#### EXERCISE OBJECTIVE:
Starting at the line that holds "this 321×213 image.", reproduce each line exactly up to and including the last line of the records below. Pictures stay out.

#### GIVEN DATA:

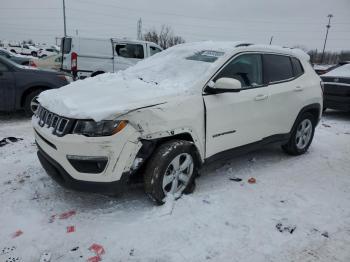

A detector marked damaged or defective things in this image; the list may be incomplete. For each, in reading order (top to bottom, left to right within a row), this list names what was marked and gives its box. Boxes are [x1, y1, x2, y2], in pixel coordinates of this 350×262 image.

broken headlight [73, 120, 128, 137]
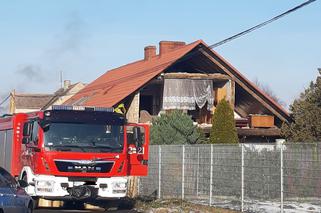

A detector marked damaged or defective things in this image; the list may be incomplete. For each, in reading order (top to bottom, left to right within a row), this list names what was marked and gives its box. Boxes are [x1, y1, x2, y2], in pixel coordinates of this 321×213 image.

damaged house [65, 40, 290, 142]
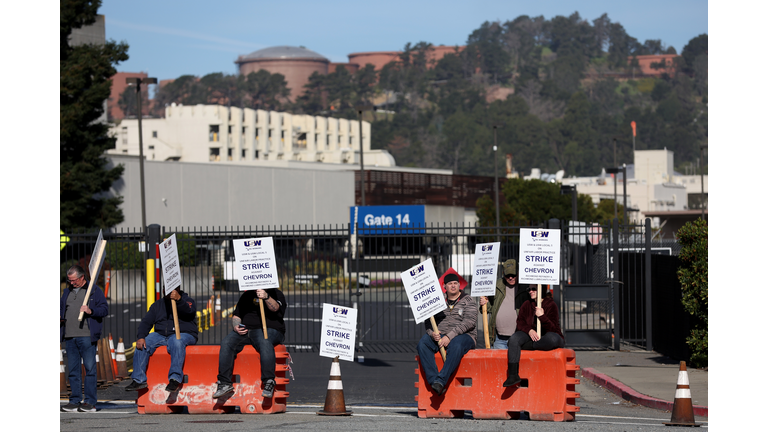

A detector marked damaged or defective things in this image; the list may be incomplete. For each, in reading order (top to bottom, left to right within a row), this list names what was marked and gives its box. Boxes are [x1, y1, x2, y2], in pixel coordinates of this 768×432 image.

rusty storage tank [236, 45, 328, 101]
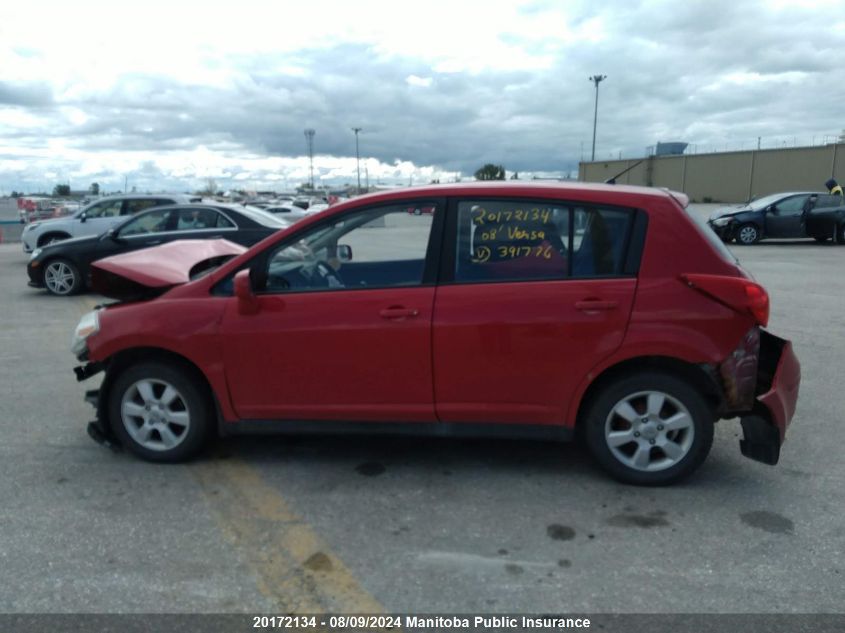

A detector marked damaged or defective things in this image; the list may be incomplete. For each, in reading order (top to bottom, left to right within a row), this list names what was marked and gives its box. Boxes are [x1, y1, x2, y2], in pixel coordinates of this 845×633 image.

damaged red hatchback [71, 183, 796, 484]
damaged front bumper [720, 326, 796, 464]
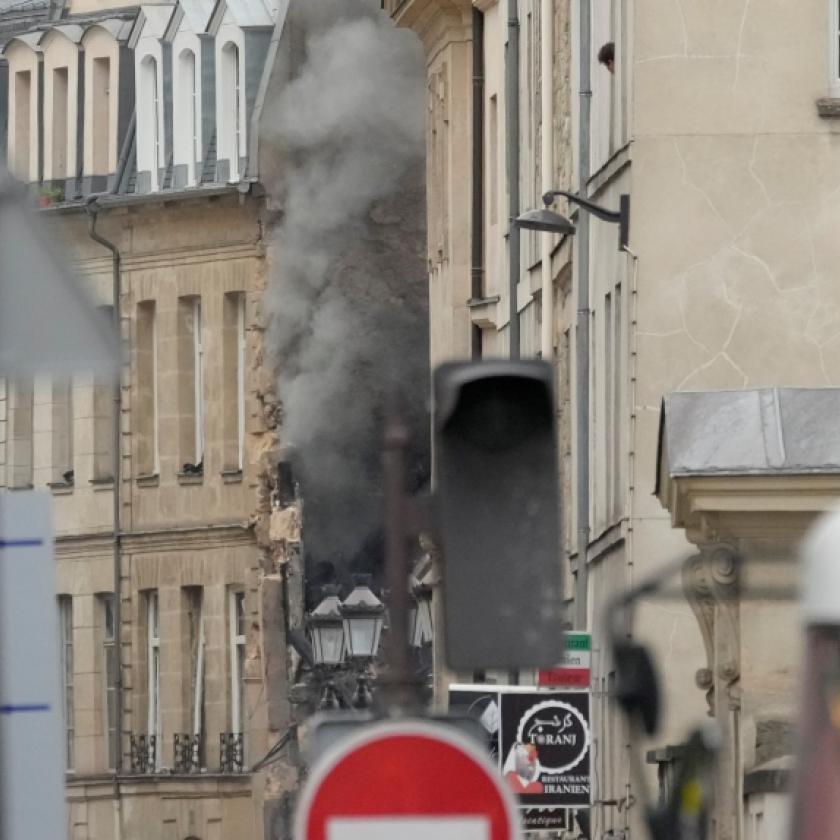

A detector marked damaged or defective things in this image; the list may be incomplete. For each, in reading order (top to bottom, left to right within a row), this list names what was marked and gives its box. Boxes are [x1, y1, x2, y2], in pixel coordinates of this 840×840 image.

cracked building facade [388, 1, 840, 840]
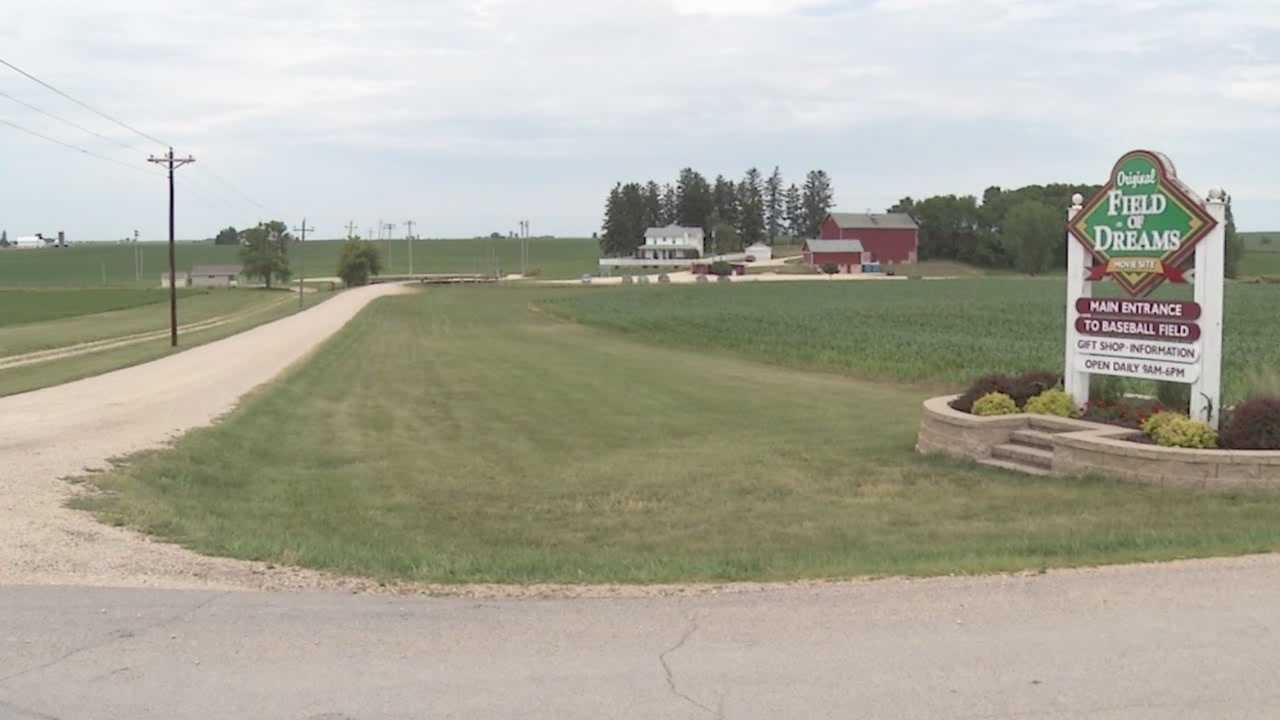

#### THE ANSWER:
A detector marked damaged or defective things in this image; the list may be incomplete. For each, in reading order (top to bottom, left to right within a row), this list names what was marked and gives its box. Boxes are [x1, y1, x2, y2], in pixel coordinates of this 321×213 image.

damaged house [65, 40, 290, 142]

A detector marked damaged or defective things in this image; the list may be incomplete. For each, in reading order (top to bottom, left to right within a row), this list names what was marked and gives its box. Boxes are [x1, y1, x2, y2], in pixel coordinates of this 768×432 image.

rusty storage tank [236, 45, 328, 101]

A detector marked damaged or defective things in this image; the list may be incomplete. For each, in reading order (top to bottom, left to right within a row), this list names what was marked and gives its box. Boxes are [x1, y1, x2, y2], in pixel coordinates of this 845×633 image.

damaged red hatchback [71, 183, 796, 484]
damaged front bumper [720, 326, 796, 464]

A detector marked damaged or defective things in this image; the list may be incomplete. For each, in reading order (top to bottom, left to right within a row), this list names what was marked and gives its box. Boxes are [x1, y1, x2, y2], in pixel coordinates of this 840×840 image.

cracked building facade [388, 1, 840, 840]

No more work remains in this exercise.